Last year, Theresa wrote a guest post on “Why Tom Bertram Cannot Die” for the celebration I hosted in honour of Mansfield Park. That post also includes an account of how she discovered Austen’s novels, and how she fell in love “with Austen’s bad characters and their self-congratulatory way of speaking.” 


Best wishes to all of you for a happy holiday season! Thank you for celebrating 200 years of Emma with us, and I hope you enjoy reading Theresa’s piece on “Emma’s Regency Christmas.”



England was merry England, when


Old Christmas brought his sports again.


’Twas Christmas broached his mightiest ale;


’Twas Christmas told the merriest tale.


— Sir Walter Scott, Marmion


Christmas in Austen’s Time


How did Emma celebrate Christmas? Many, thinking of Sir Walter Scott’s nostalgic regret for medieval Christmas quoted above (from Marmion, which Austen knew well), think there was not much merrymaking in early 19th century England. Poet Henry Vaughan lamented how dire the Puritan suppression of the feast was in his 1650 “Christmas: How Kind is Heaven to Man”:


Can neither Love, nor sufferings bind?


Are we all stone, and earth?


Neither His bloody passions mind,


Nor one day bless His birth?


Alas, my God! Thy birth now here


Must not be numbered in the year.


During the Interregnum, churches were even locked up on Christmas Day to prevent liturgical celebrations, and ordinary homes were policed so Cromwell’s men could confiscate meat pies, roast fowl, Yule logs, sweets, and Christmas puddings. Thomas Lewis, in his sarcastic 1720 work English Presbyterian Eloquence, states of Puritan attacks on Christmas continuing after the Restoration, “Under the censure of lewd customs they include all sorts of public sports, exercises, and recreations, how innocent soever. Nay, the poor rosemary and bays, and Christmas pie is made an abomination.”

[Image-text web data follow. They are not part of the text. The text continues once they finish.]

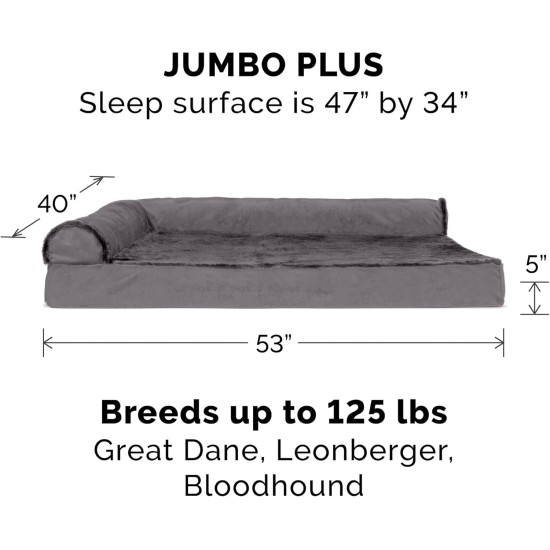 FurHaven Pet Quilted Orthopedic Sofa Bed, Large, Silver Gray FurHaven Pet Quilted Orthopedic Sofa Bed, Large, Silver Gray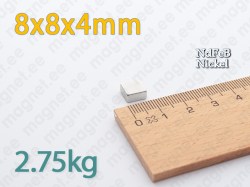 Neodüümmagnet Plokk 8x8x4mm, Nikkel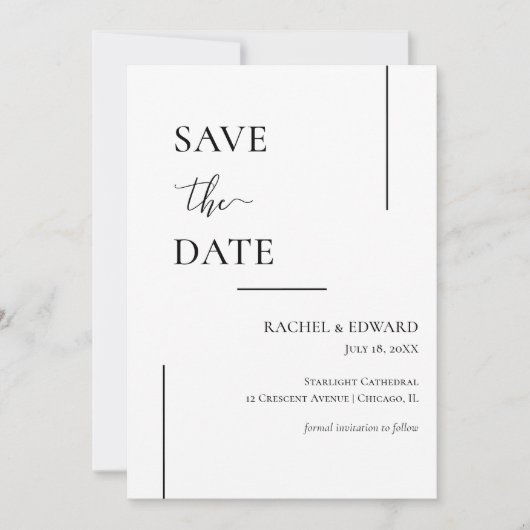 Elegant Black & White Wedding Save the Date (Voorkant)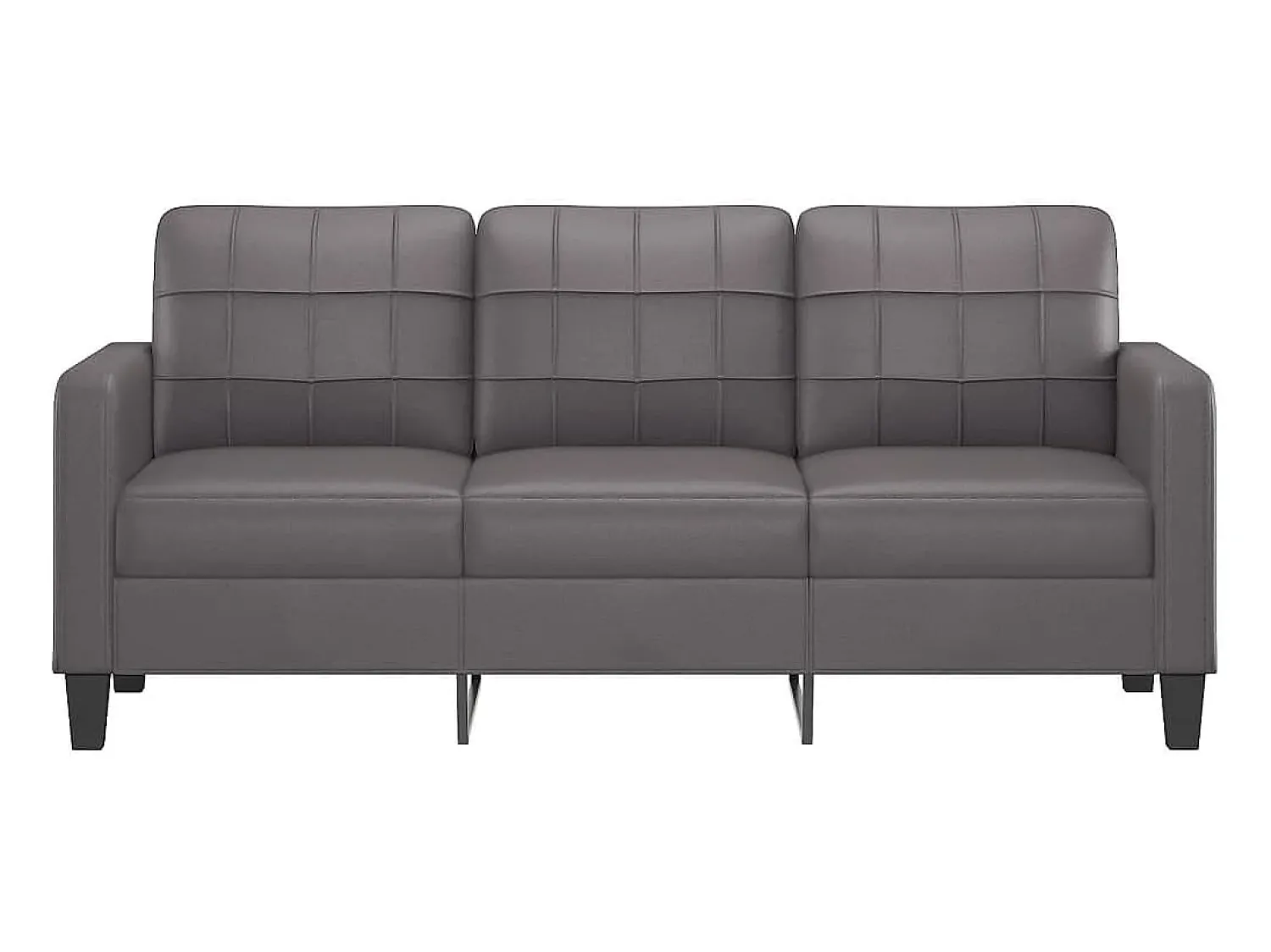 New Sofá de 3 lugares 180 cm couro artificial cinza PT506971 Cinzento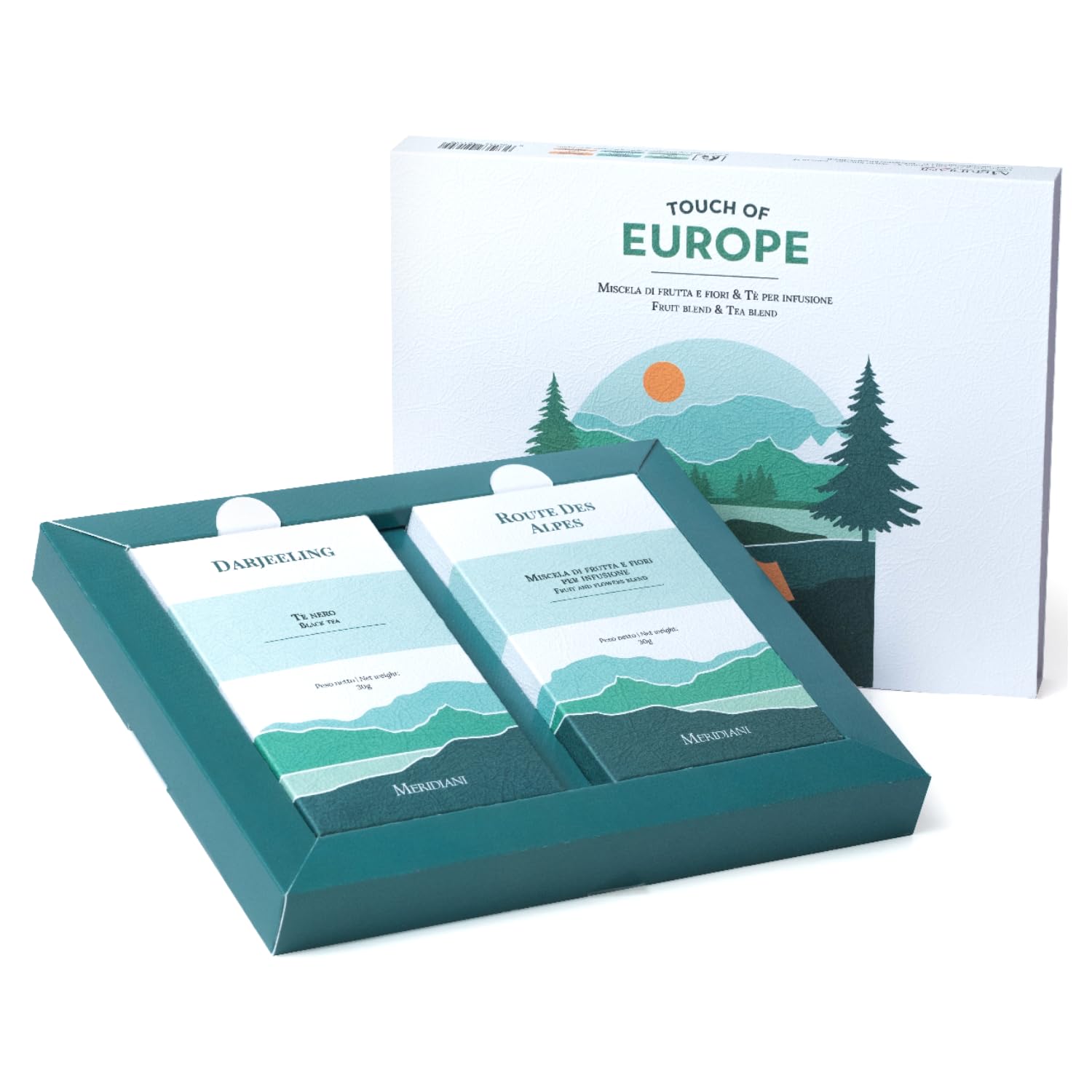 Meridiani® | Set Tè & Tisane Regalo dall'Europa | Tè Nero Darjeeling Indiano Puro + Tisana ai Frutti di Bosco | Scatola Regalo Infusi & Tè - (60 Gr) | Set Regalo Tè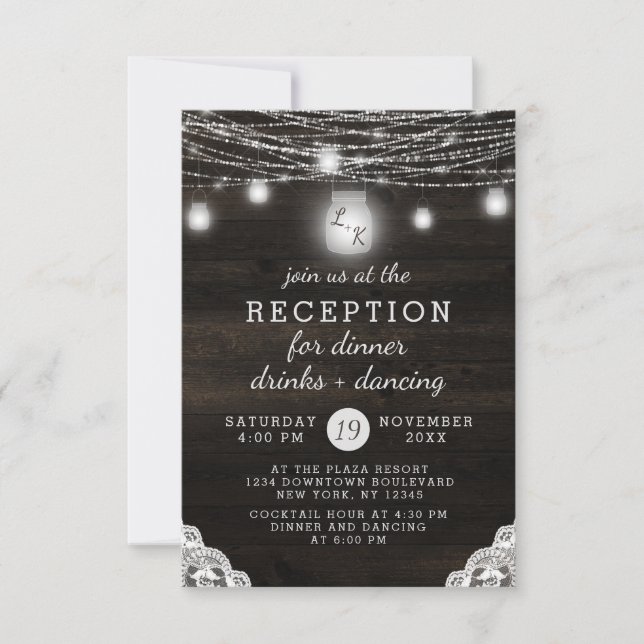 Oak Ridge Rustic Wood & Lace Wedding Reception Invitation (Front)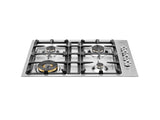 30 Drop-in low edge cooktop 4-burner Stainless Steel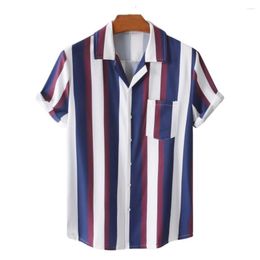 Men's Casual Shirts 2023 Spring And Summer Fashion Men's Hawaiian Beach Style Cuban Neck Top Stripe Loose Short Sleeve Shirt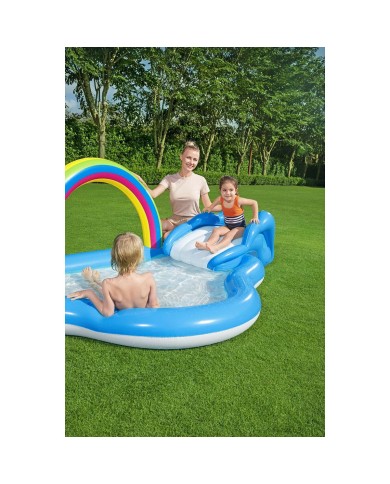 Bestway Piscina Gonfiabile Parco Giochi Arcobaleno 257x145x91 cm +2 Anni Giardino 53092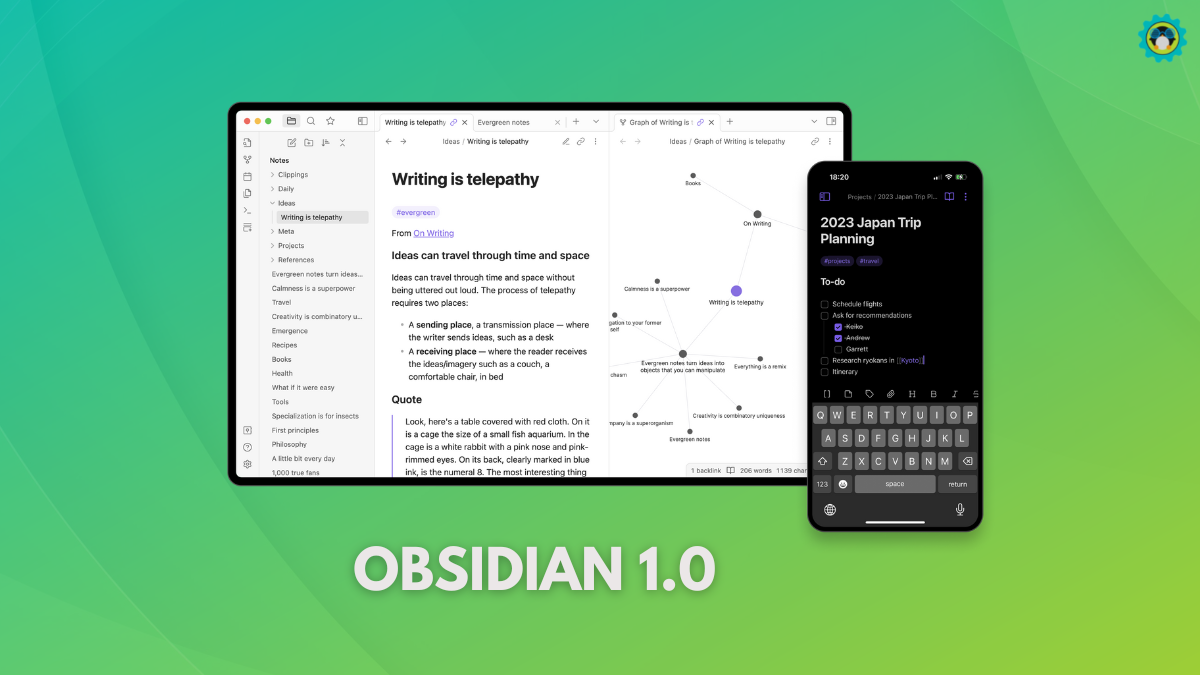 类似于 Notion 的 Markdown 笔记软件 Obsidian 推出了测试版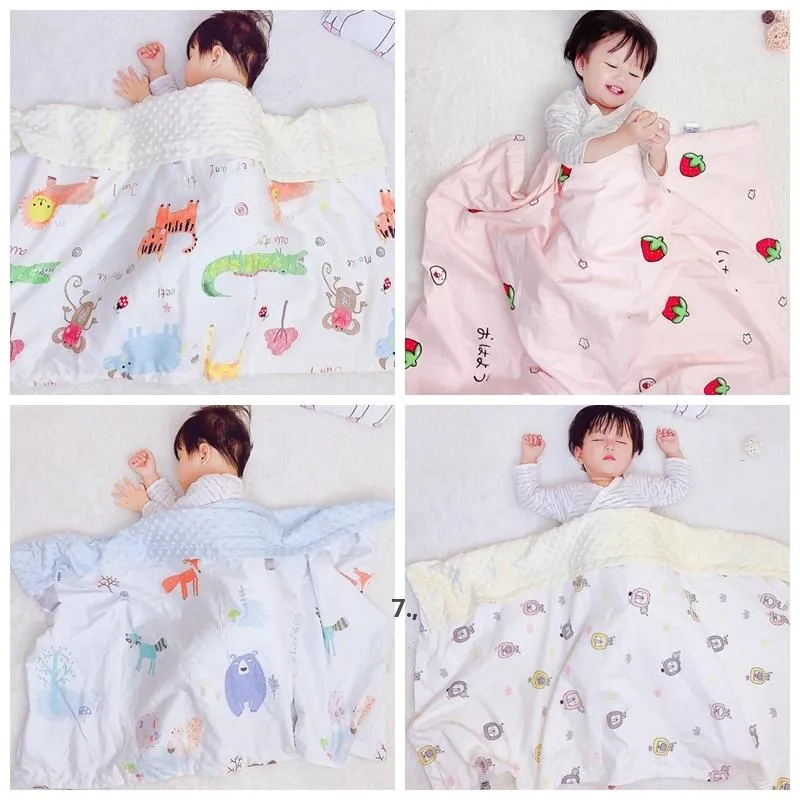 Cotton Blanket Soft Air Conditioning Blanket Children Flower Printed Kids Baby Comfort Nap Blankets Kindergarten Quilt 75*110cm RRA13116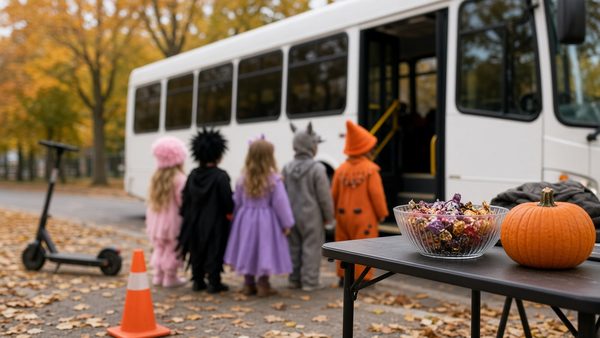 Children in Halloween costumes, seen from behind, lining up by a white bus, with a bowl of candy and a pumpkin in the foreground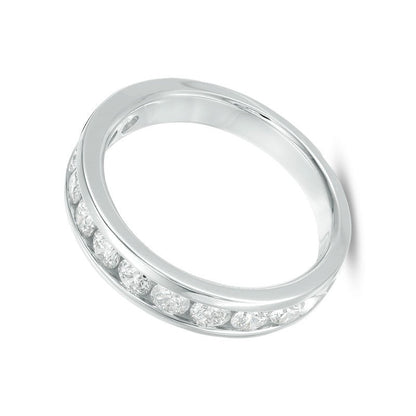 1.0 ct. Gesamtgewicht Diamant-Ring kanalgefasst in 14K Weißgold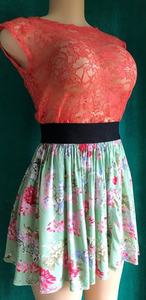 Mint Floral Flare Skirt (High/Low Waist)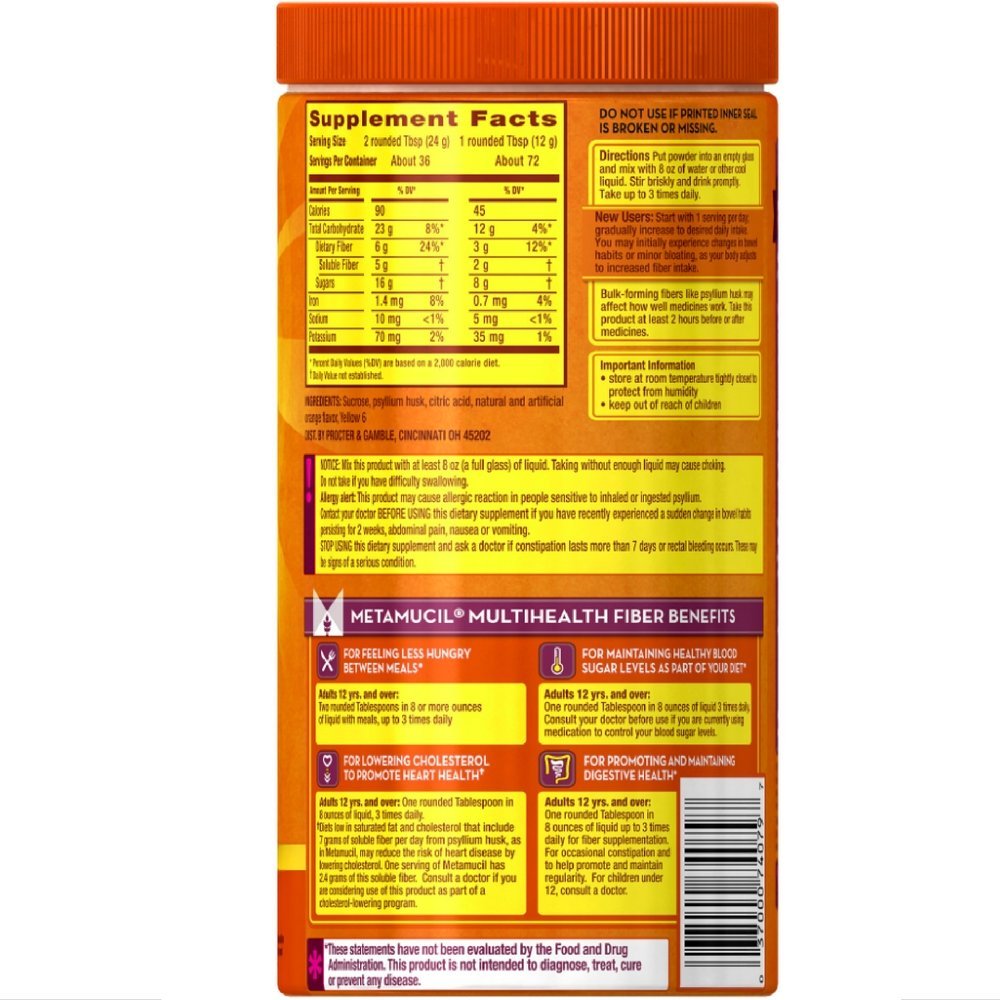 Metamucil Psyllium Fiber Supplement Powder, Sugar, Orange, 72 Tbsp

Emma, however, probably would have eaten many of the same foods and enjoyed many of the same festive customs her forbears had known. Many time-honored Christmas customs still prevailed in English homes in the late eighteenth and early nineteenth century. The house probably would have been decorated with the traditional greenery Lewis mentions—rosemary and bay, as well as holly and ivy—although Emma would very likely not have had a Christmas tree. Because the John Knightleys are visiting with their children, however, a tree is nonetheless a remote possibility: these had already been introduced into England by Queen Charlotte, and Coleridge commented on those he saw in his European tour. Alison Barnes notes the spread of Christmas trees to many of the upper class families of England in the early 1800’s, especially those with children in the household. But Mr. Woodhouse, of course, would never have permitted a tree with candles and paper ornaments near his boisterous grandchildren!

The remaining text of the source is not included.